The Three Part Mission and the Challenges of Pioneering CSR 
In 1988, Ben & Jerry's unveiled its social, economic and product centric three-part mission, a precursor to the triple bottom line we all are familiar with today. Later, the company started to include non-financial disclosures in annual reports and gradually progressed to fully audited social accounts. In the book, Brad Edmondson describes the risks that this pioneering approach brought for Ben & Jerry's, alongside the detail of the challenges of performing full social audits and paving the way, by establishing new methodologies, so that larger companies such as Disney and Nike could move into this space as well. This significant role that Ben & Jerry's played in moving CSR forward is probably not widely known and it makes for absolutely fascinating reading.
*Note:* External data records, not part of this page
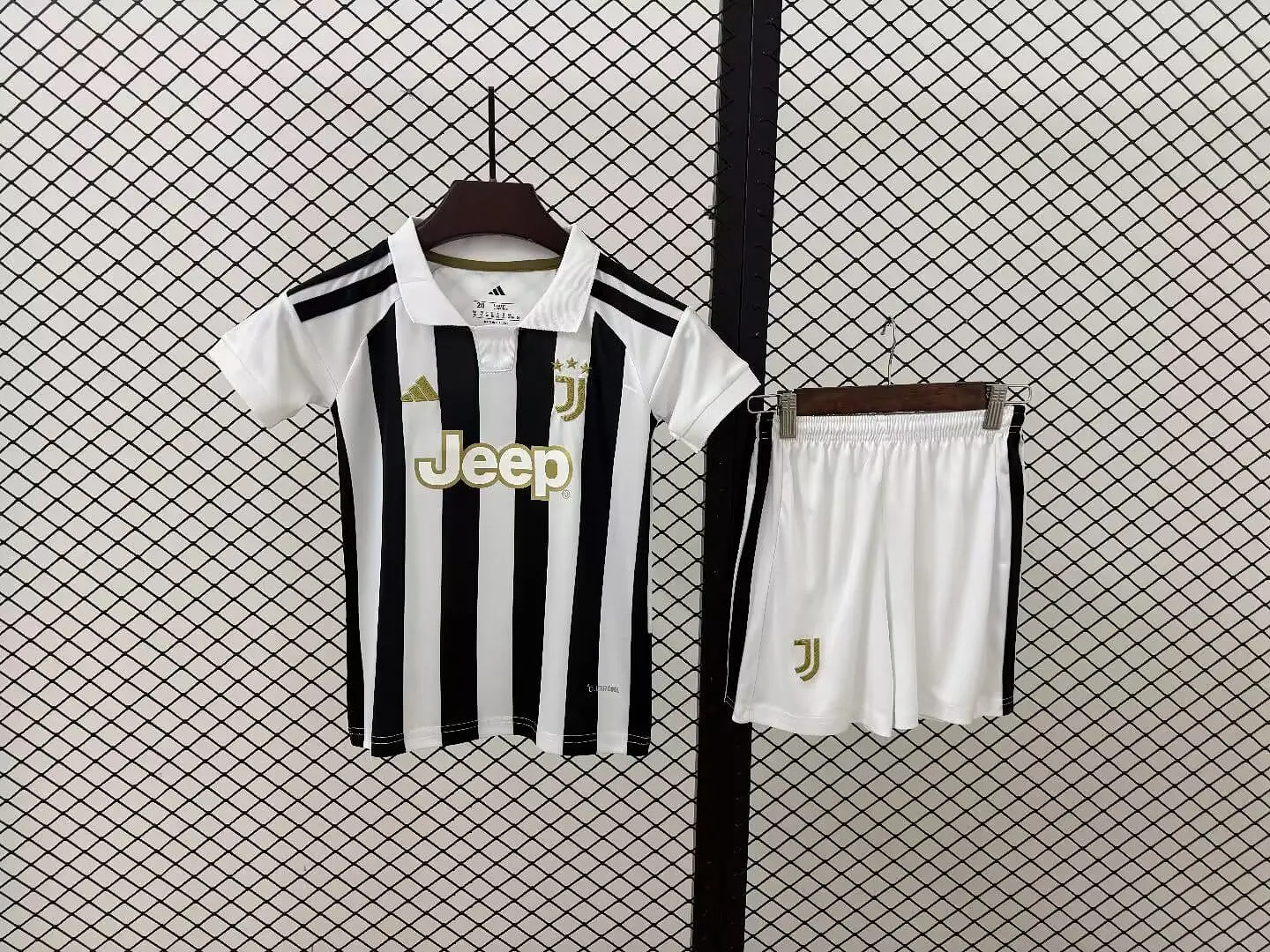 Kit Juventus I 26/27 1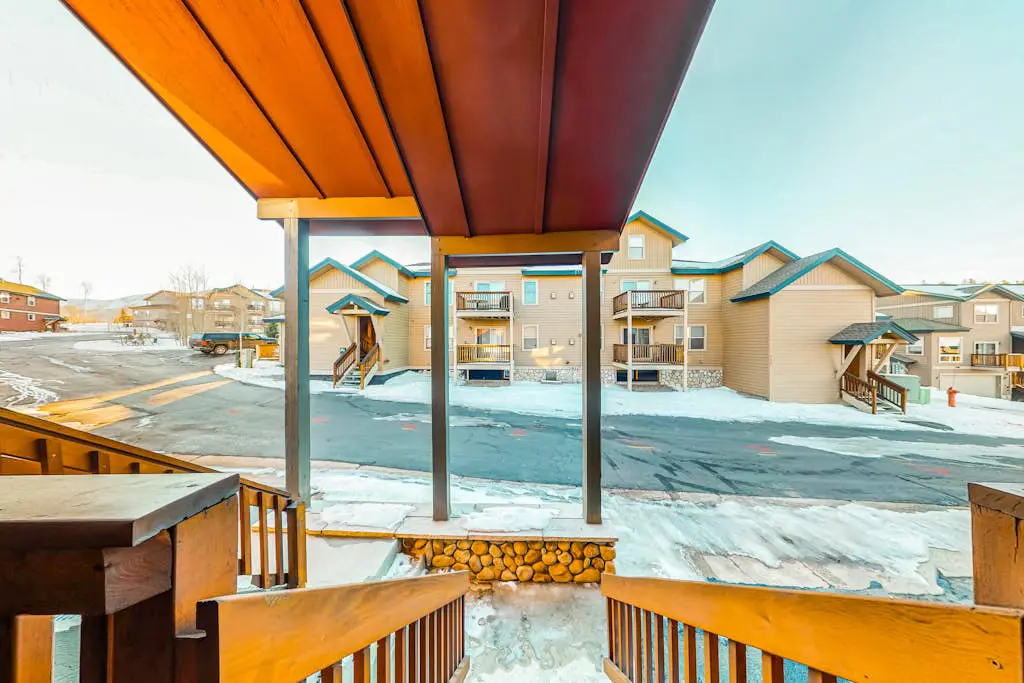Prospector Village 105C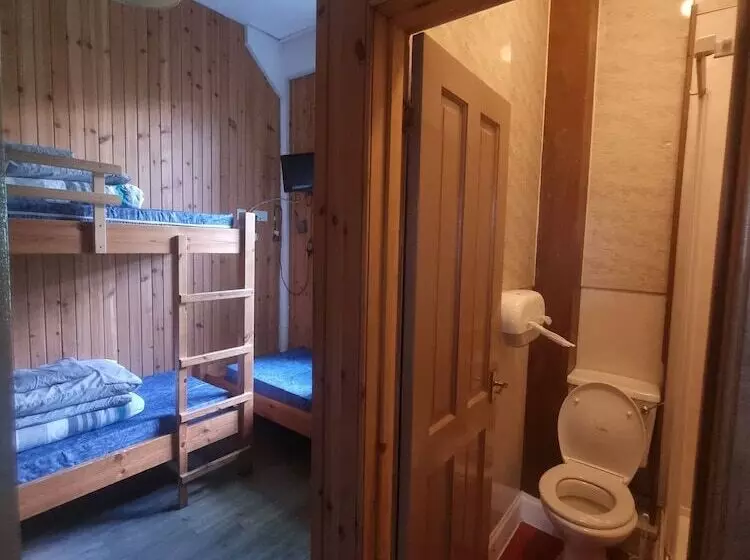 Blackwater Hostel And Campsite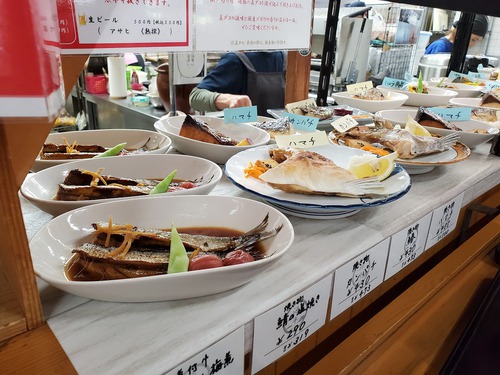 こちらの道の駅むれは、海鮮食堂 じゃこやでランチ
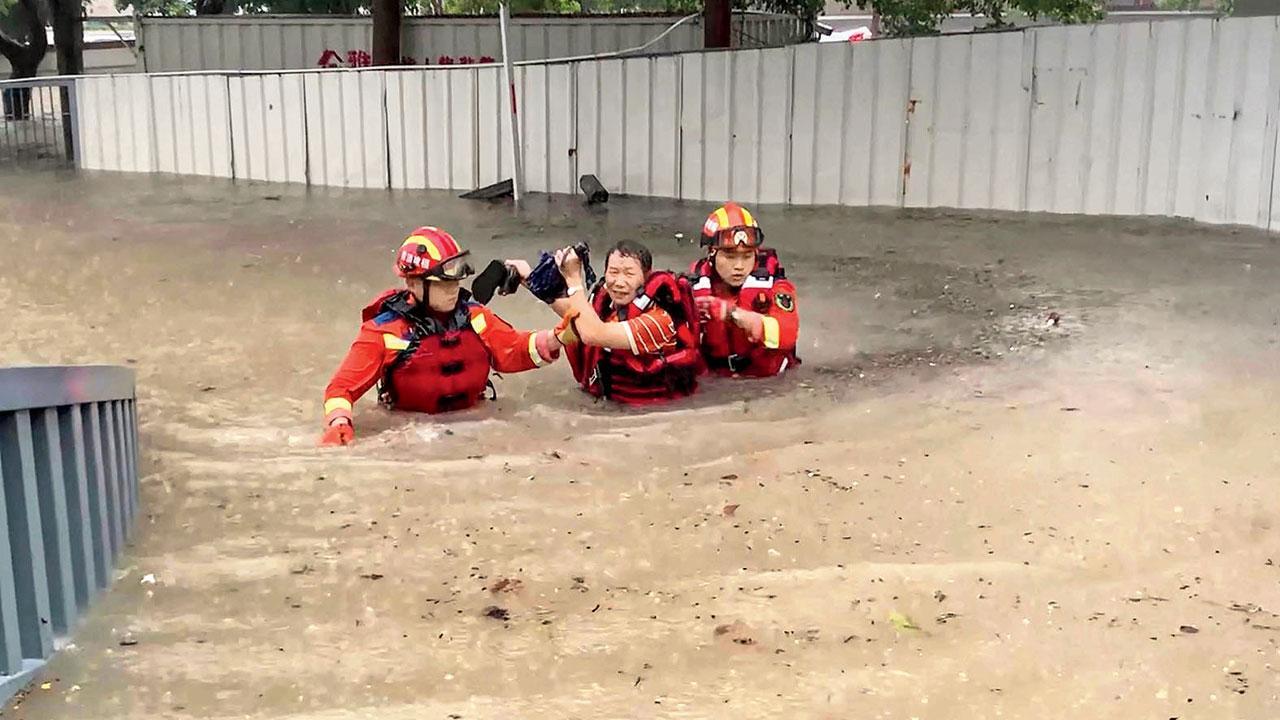 Haikui leaves heavy flooding in China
The path to sustainable sourcing was also not as smooth as the new range of sorbets that Ben & Jerry's brought out to compete with Hagen Dasz in 1996. Fair trade vanilla farmers in Costa Rica became a less reliable source and alternatives had to be found. The apple-pie social enterprise source La Soul sued Ben & Jerry's when apple-pie flavored frozen yogurt didn't sell. Other challenges that plagued Ben & Jerry's included finding the right leadership, especially when the company was under financial pressure in the 90s, and this was so much harder given the founders' determination to give equal weighting to each part of the Ben & Jerry's three-part mission. Ironically, Perry Odak, the externally-hired CEO in the late 1990s, whose belief was "let's make the economics work first" and who started to try to quantify the incremental costs of the social mission for the first time, was the one who managed to save the Ben & Jerry's balance sheet. But he was also the one who is attributed with moving the company towards its historic sale to Unilever. 

Selling Out? 
And this is probably the part of the book that almost every wants to read first (though it's much better if you take in the first eight chapters before you do). What really went on behind the scenes that led to the iconic socially-led progressive premium ice cream small-guy Ben &Jerry's to be gobbled up by the global powerhouse Unilever is the big attraction of this book. We all recognize that today, Ben & Jerry's largely survived the Unilever gobble-up, and emerged with its values, creativity, social identity, great flavors and even a little of its irreverence as a brand intact. How Ben & Jerry's managed to do this in the face of Big Business is the most compelling part of this book, even before you read it. Chapter Nine is where the stakes are upped. The account doesn't disappoint. Albeit containing less drama, door-slamming and storming-out of meetings than we might have anticipated, the sale negotiation process was not without its ups and downs and the roles of the different characters involved on both sides is illuminating, and shows, ultimately, they even Big Business is about people with values and their determination to make things happen. 

Happy End 
Ben & Jerry's secured terms for this acquisition deal which helped preserve much of its character and a good degree of its independence, even though, down the road, the company would have to take Unilever to hand for breaching the agreed provisions. Eventually, after Paul Polman took the helm at Unilever, and brought with him a great focus on strategic CSR and a new openness, the path to a cautious rebalancing of the three-part mission became navigable. In urging Unilever to take on greater sustainability goals, Polman cited Ben & Jerry's as one of the model companies in the Unilever family in terms of championing social environmental causes and others confirmed they sought to learn from Ben & Jerry's in areas of sustainable sourcing and fair trade. Ben & Jerry's had come full circle, and the founding partners could continue to feel proud of the institution they had developed, despite the devastating feeling of having sold their company. 

A Book Worth Reading 
There is much more to this book than I expected, and if anything, one of the greatest insights is that it is really no picnic trying to be a socially responsible company and thrive. The five to one salary ratio disappeared when it became untenable, the costs of sustainable sourcing almost bankrupted the business, and the relationships between board and management became strained beyond measure. The ability of Ben & Jerry's to survive and grow through all of this is as much due to the perseverance of principle in general, allowing some flexibility of principles in practice, as it is to a smart group of people who appeared in the right place at the right time to make the right decisions, powered by a vision of linked prosperity, the spirit to see it through and a shared sense of the inevitability great-tasting ice cream with a backbone. 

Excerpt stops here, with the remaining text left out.